Quinn also wrote that Alec would “act normal when other people were around.” Given that Quinn had just said he isolated ZQ, that doesn’t make any sense. Quinn didn’t have friends in Winnipeg so, if other people were around, that meant Alec was actively introducing ZQ to others during the first two weeks. Talking Quinn out of having three friends fly out to live in Winnipeg with ZQ isn’t isolating, it was probably very good advice.

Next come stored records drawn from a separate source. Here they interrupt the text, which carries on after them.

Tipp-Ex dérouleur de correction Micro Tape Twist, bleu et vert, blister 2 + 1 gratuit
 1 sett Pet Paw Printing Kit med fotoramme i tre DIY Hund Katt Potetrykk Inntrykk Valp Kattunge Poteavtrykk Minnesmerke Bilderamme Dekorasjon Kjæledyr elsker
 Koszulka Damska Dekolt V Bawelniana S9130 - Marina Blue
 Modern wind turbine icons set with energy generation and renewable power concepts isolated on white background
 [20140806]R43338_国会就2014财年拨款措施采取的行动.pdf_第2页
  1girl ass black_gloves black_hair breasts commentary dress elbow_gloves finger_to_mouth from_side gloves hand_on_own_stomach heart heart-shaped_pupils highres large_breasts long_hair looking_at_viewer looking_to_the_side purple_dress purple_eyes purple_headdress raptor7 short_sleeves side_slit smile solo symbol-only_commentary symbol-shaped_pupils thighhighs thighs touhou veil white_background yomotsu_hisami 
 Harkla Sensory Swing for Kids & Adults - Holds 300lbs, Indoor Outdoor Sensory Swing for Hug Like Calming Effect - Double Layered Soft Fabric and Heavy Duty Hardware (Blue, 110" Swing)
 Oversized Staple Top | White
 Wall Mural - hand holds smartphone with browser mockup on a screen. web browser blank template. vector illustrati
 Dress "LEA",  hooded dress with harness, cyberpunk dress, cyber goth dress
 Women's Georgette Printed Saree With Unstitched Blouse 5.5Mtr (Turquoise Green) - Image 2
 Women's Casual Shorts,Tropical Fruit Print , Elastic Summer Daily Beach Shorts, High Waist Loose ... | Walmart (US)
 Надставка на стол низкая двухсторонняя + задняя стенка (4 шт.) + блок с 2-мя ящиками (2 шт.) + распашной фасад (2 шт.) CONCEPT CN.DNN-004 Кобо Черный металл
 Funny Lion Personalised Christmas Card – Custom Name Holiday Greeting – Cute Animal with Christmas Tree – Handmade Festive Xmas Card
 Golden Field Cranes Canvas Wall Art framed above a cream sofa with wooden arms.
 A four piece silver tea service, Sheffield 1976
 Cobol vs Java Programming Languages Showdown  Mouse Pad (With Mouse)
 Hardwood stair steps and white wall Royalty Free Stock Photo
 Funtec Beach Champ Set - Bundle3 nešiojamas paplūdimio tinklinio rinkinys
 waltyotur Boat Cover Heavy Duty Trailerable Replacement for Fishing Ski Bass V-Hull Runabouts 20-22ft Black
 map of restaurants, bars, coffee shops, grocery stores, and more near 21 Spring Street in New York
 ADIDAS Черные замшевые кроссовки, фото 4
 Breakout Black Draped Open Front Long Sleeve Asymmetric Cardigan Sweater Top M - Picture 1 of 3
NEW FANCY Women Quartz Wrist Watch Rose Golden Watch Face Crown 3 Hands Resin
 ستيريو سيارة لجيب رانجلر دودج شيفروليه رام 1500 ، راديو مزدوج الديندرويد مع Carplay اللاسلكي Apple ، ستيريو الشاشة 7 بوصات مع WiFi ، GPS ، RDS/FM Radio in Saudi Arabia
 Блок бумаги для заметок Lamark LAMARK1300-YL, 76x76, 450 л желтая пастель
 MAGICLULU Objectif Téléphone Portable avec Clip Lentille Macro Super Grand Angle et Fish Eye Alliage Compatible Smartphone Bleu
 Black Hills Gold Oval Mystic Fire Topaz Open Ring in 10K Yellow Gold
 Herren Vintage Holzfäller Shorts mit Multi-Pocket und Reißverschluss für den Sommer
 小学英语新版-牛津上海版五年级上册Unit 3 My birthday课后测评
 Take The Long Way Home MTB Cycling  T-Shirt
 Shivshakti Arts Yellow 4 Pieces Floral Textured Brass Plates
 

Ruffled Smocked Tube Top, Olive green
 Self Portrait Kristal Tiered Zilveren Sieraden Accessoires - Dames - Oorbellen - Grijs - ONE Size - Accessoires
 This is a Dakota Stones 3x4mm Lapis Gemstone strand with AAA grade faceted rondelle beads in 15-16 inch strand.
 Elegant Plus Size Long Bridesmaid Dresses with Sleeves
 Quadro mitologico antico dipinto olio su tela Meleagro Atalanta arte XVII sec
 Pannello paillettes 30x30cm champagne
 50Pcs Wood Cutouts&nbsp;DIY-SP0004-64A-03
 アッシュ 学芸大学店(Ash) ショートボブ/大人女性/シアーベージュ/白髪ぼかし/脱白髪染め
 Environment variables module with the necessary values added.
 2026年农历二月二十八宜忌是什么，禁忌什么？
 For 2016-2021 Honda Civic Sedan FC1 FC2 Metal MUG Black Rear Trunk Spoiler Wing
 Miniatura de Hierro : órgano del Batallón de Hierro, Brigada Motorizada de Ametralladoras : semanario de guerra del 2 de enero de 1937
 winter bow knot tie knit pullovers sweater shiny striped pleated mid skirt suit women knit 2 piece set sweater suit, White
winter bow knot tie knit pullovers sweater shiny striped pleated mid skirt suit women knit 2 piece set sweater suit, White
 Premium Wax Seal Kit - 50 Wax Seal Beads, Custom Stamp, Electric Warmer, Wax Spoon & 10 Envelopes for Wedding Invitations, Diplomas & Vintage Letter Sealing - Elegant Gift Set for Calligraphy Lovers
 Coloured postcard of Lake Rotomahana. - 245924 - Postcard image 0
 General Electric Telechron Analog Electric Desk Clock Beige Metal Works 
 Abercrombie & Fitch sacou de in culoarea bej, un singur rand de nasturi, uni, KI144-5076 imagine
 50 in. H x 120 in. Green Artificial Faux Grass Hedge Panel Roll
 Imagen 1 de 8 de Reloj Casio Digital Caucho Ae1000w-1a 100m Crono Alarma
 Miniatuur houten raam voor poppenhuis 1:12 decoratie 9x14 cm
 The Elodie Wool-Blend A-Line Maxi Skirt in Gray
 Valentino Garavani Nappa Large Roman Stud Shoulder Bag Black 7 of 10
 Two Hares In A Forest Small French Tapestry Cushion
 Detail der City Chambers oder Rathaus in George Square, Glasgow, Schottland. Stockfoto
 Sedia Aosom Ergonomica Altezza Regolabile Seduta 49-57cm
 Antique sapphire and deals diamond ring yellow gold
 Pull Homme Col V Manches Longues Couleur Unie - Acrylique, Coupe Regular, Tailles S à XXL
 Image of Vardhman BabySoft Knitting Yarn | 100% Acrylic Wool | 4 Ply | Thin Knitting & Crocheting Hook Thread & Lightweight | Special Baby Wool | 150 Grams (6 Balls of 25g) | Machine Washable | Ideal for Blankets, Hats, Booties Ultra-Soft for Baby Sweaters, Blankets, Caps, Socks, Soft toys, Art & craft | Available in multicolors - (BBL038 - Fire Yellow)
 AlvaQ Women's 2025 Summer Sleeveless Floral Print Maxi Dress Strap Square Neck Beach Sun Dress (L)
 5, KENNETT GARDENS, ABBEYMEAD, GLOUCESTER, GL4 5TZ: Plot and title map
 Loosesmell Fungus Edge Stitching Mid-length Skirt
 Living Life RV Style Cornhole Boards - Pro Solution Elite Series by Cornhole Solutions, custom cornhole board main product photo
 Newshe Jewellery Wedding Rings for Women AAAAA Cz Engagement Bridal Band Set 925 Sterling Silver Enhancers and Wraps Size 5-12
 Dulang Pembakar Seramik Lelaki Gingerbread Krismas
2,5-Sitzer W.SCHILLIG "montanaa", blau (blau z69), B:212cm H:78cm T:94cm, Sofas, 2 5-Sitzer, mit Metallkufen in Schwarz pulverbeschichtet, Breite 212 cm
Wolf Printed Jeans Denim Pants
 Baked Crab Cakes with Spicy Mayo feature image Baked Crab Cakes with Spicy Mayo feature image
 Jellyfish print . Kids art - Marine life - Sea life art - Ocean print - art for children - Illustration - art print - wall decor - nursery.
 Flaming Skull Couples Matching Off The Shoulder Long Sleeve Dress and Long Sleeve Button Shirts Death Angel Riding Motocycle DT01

Quinn downplayed their personal interactions prior to the trip, saying ZQ spent hours on Skype “flirting” with Alec but asserts that Alec said he was in love with ZQ. Quinn also claimed that Alec was the only person in the development community who “had [ZQ’s] back” which completely contradicts the fact that there were three friends who wanted to start an “indie house” with Quinn.
While it is entirely possible that Holowka was abusive in some way during her visit, it is not possible to trust this incoherent account given by Quinn on Twitter.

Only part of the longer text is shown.